# [WORK REQUIRED]
Only one stretch of the data below is needed. Output the lines from the one with "LED fan light" up to and including the one with "NWT Lunya Silksweats", exactly as they stand.

ENTRIES PROVIDED section start

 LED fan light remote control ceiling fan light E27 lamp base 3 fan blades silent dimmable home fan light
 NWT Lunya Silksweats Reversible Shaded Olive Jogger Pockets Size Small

ENTRIES PROVIDED section end
ENTRIES PROVIDED section start

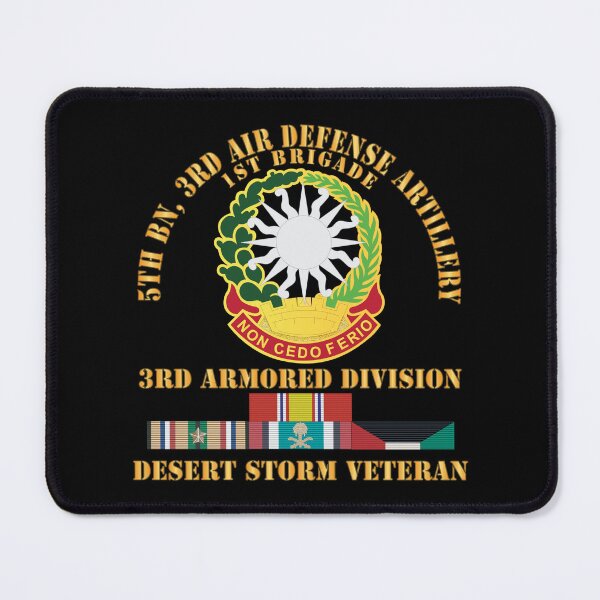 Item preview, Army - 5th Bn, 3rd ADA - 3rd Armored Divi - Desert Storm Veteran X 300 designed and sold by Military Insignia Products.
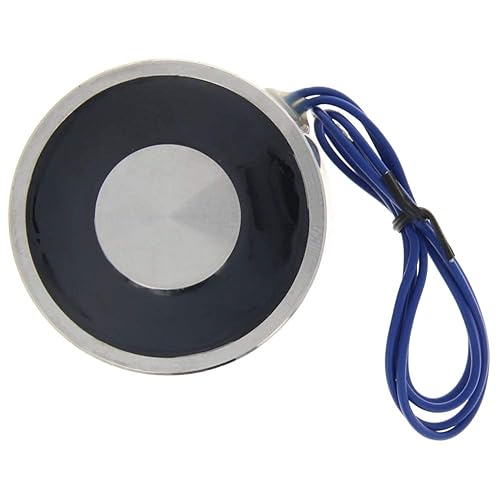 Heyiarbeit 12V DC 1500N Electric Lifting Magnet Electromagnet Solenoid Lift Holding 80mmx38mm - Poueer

ENTRIES PROVIDED section end

# [EXERCISE SOLUTION]
 LED fan light remote control ceiling fan light E27 lamp base 3 fan blades silent dimmable home fan light
 NWT Lunya Silksweats Reversible Shaded Olive Jogger Pockets Size Small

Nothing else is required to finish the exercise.